A hardline Sri Lankan monk who is a close ally of ousted former president Gotabaya Rajapaksa, has been sentenced to nine months in prison for insulting Islam and inciting religious hatred.
Galagodaatte Gnanasara was convicted on Thursday for the remarks, which date back to 2016.
Sri Lanka rarely convicts Buddhist monks, but this marks the second time that Gnanasara, who has repeatedly been accused of hate crimes and anti-Muslim violence, has been jailed.
As someone who used to be Buddhist and still harbours pretty Buddhist inclinations, my gut always wants to do the “No true Scotsman” fallacy in response to Buddhist violence, but that kind of tribalistic instinct is the source of a lot of violence throughout history.

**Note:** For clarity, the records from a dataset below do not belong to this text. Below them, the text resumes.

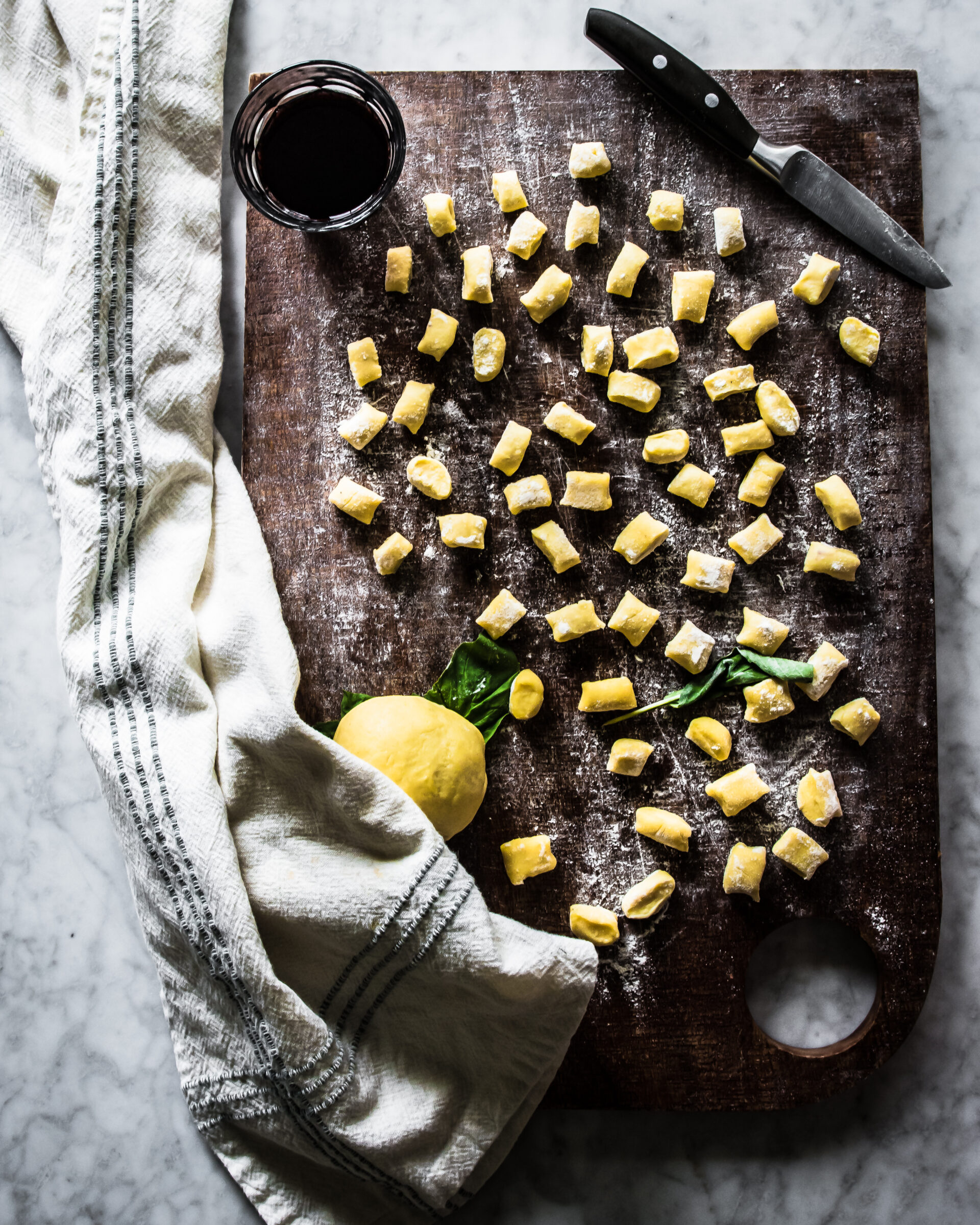 Ricotta Gnocchi with Basic Tomato Sauce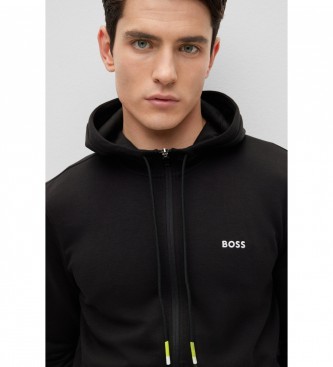 BOSS Saggy sweatshirt black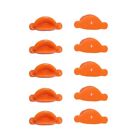 10PCS Plastic DIY Mini Duck Bill Duck Mouth Set Toy Duck Nose for DIY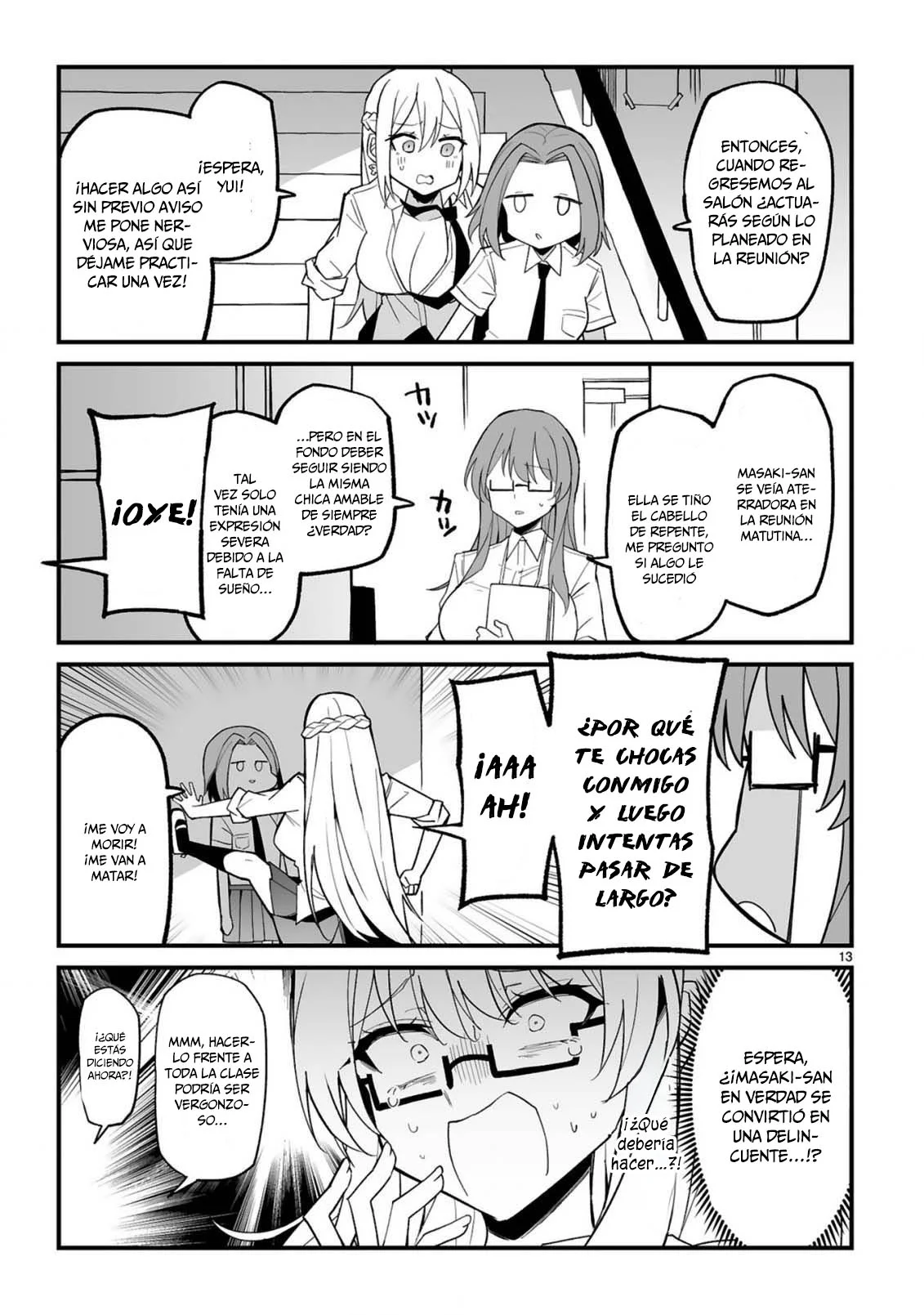 Página 14 del Manga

Violence is complicated though. I recall the 14th Dalai Lama (spiritual leader of Tibetan Buddhism) responding to a question whether it would be justified to kill Hitler (and other genocide perpetrators) if they were early into their campaigns of genocide, and the reply was that it would be justified, so long as they weren’t killed in anger (because Buddhism puts a significant amount of weight on the intentions behind actions as well as the practical impact).
On average, I do think Buddhism is fairly low violence/hate than many other religions, but any I also think people in general will always have the capacity for violence, and so any religion large enough will have its violent extremists. There aren’t any particular examples in scripture that I can recall that are pro-violence, so I’ll share with you a wee story I’ve always found humorously dark. It’s one of the Jataka, which are stories about the Buddha in a previous life. (n.b. “Bodhisattva” means "one who is seeking enlightenment and is how the Buddha referred to himself pre-enlightenment)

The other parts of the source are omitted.